A triste notícia surpreendeu-me na sacristia da Igreja Matriz de São Vicente da Beira, quando me preparava para assistir à missa em que ele, anterior sacristão, também costumava participar.
Corri imediatamente para a casa dele e viu-o já agonizante: uma imagem que nunca mais me deixou. Já não fui à missa e corri depressa ao Casalito, a avisar os meus pais.
Passei o resto do dia em estado de choque e aconteceu-me uma coisa que ainda hoje mexe comigo: não consegui ir ao funeral do meu avô João Hipólito, de quem tanto gostava!
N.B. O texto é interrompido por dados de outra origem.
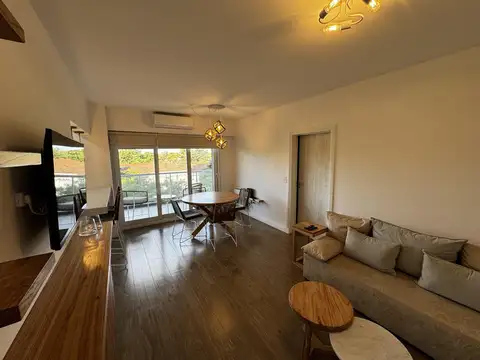 Fifth element-Vista Abierta, Luz Natural y Estilo Contemporáneo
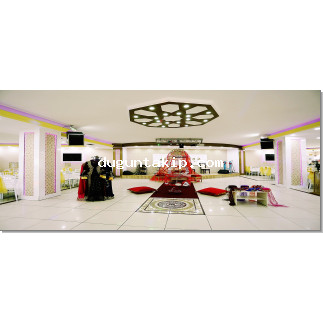 Yakamoz Düğün Davet Salonu - 1 resim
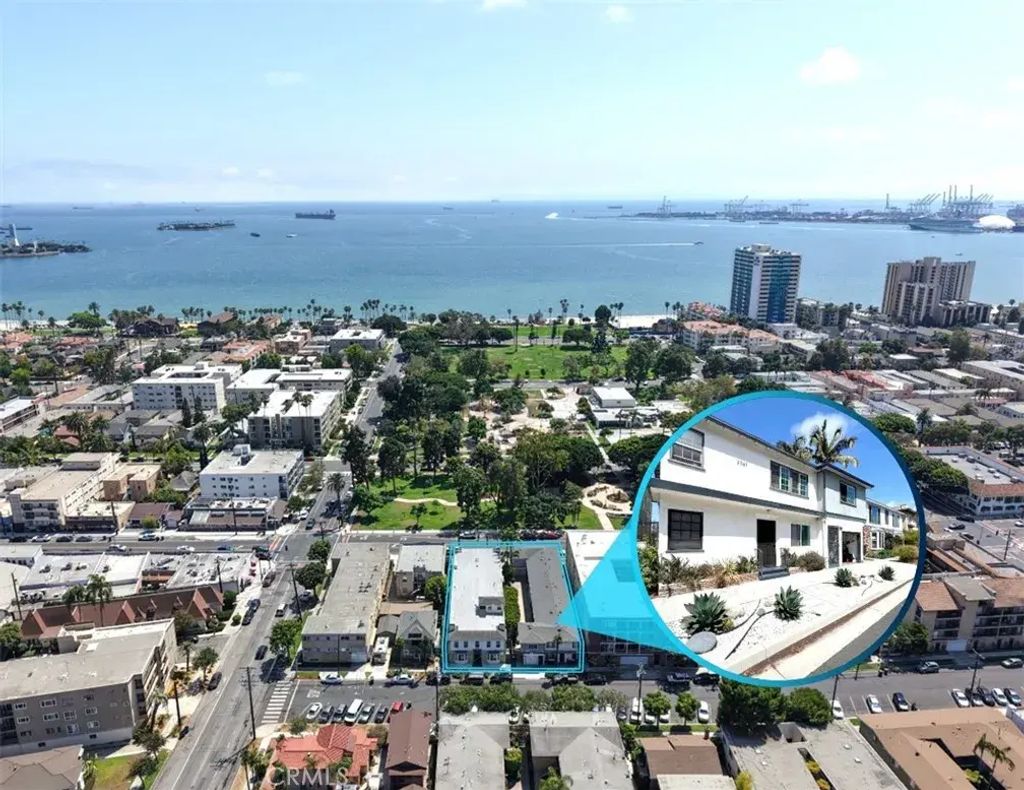 2075 E Broadway, Long Beach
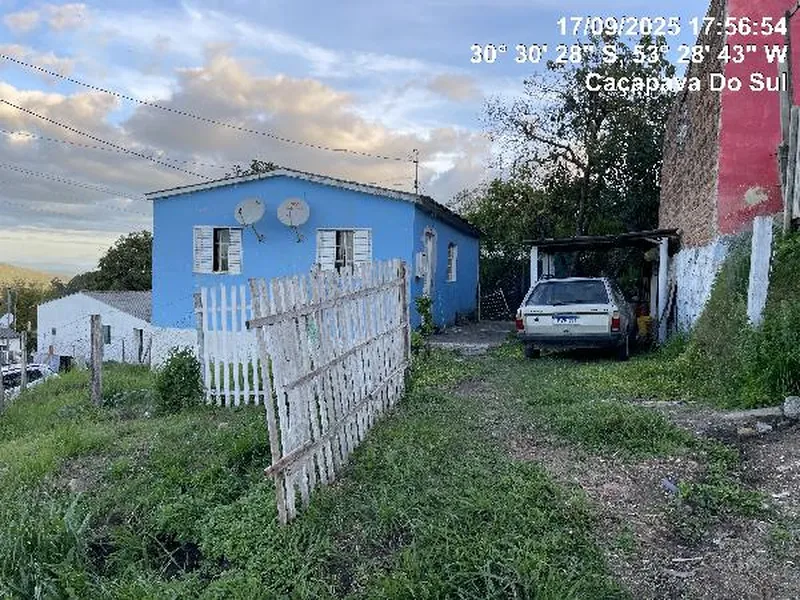 Casa em Venda Direta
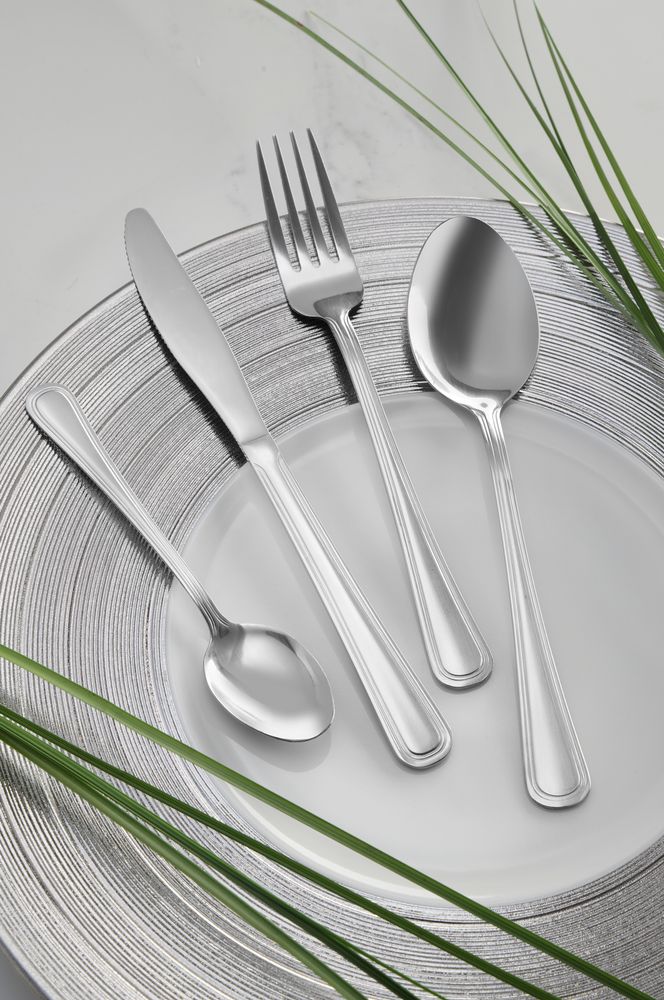 Nož - 6 komada, HENDI, Kitchen Line, 6 kom, (L)215mm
Assisti sozinho, de longe, dum lugar donde se avistava o cemitério e se viam as pessoas lá dentro…
Poucos dias depois, despedi-me da terra, dos parentes e conhecidos e segui para Fátima, para o retiro da tomada de hábito.
(Capítulo V, Ida para o Seminário de Guimarães)

José Hipólito Jerónimo, O Zé do Casalito, Autobiografia, Missionários do Verbo Divino, Junho de 2014

José Teodoro Prata

2 comentários:

José Teodoro Prata disse...

Tanto temos escrito sobre a triste condição das crianças abandonadas na roda, mas a história dos avós maternos do Pe. José Hipólito Jerónimo é um caso feliz.
Os pais de João Hipólito de Jesus, Antonio Hipólito de Jesus e Maria Amália, criaram uma menina enjeitada, deram-me o seu apelido de família, Iria DE JESUS, e casaram-na com os seu próprio filho, João Hipólito de Jesus.
O casal viveu na casa imediatamente a seguir à do Pe. Tomás, na Rua da Cruz, onde João Hipólito tinha a sua oficina de sapateiro e o Pe. Jerónimo, ainda menino, os visitava.

Anônimo disse...

Relatos simples, mas bem significativos da importância do papel dos avós na família, sobretudo quando falamos de afetos e mimos.
As memórias mais doces que guardo da minha infância estão quase sempre ligadas aos meus avós, e tenho muita pena que os meus filhos não tenham tido a sorte que eu tive!
Bem sei que os tempos são outros e há situações em que é inevitável, mas às vezes quase parece que se tornou moda meter os avós num “Lar” como se isso significasse alguma evolução social e se traduzisse na melhoria das condições de vida das pessoas mais velhas. Se calhar nem sempre é assim, e estamos é a esquecer os valores fundamentais que fizeram da família um dos pilares fundamentais da sociedade.
Em Espanha chamam “Residência de Maiores” às instituições que acolhem as pessoas mais velhas. Acho o nome de uma grande dignidade e oxalá, na prática, ele se traduza naquilo que significa.